PROBLEM STATEMENT: Repeat exactly the lines of the records below, starting at the line containing "What are the" and ending at the line containing "Gite Chez Marcel Riquewihr Exteriör bild". Leave the pictures out.

THE RECORDS:

<<<<

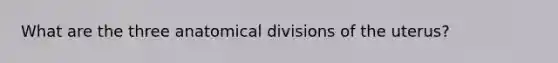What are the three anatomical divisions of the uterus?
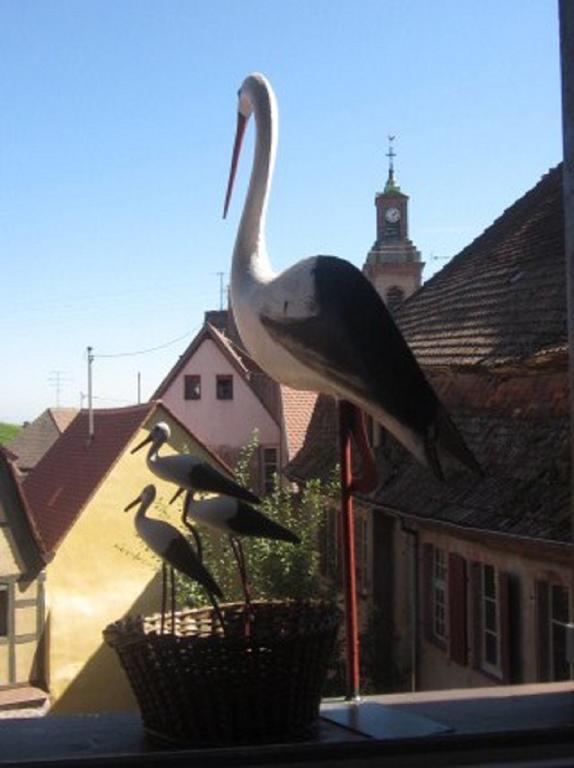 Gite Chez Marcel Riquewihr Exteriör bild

>>>>
<<<<

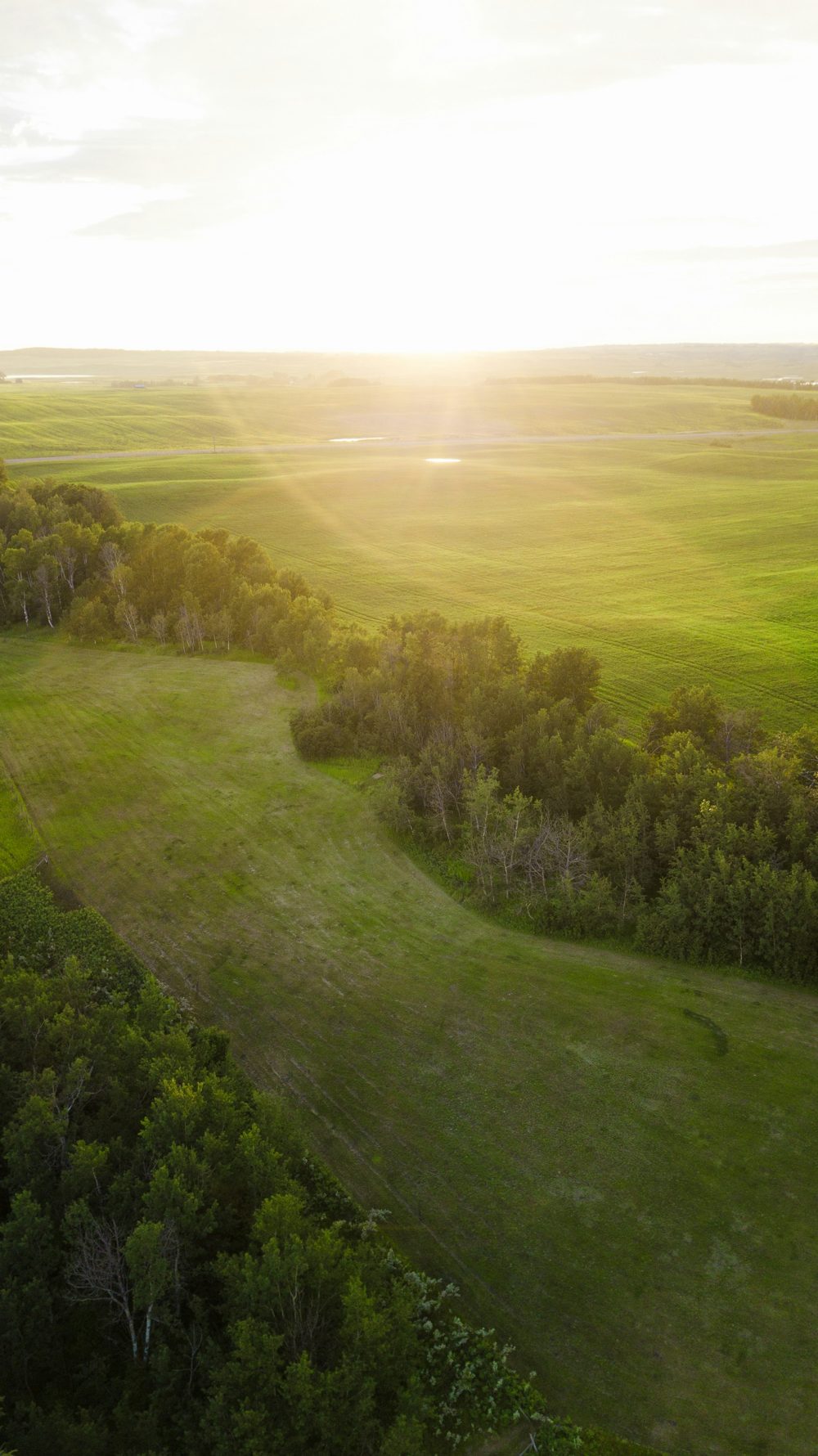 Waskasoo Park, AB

>>>>

RESULT:
What are the three anatomical divisions of the uterus?
 Gite Chez Marcel Riquewihr Exteriör bild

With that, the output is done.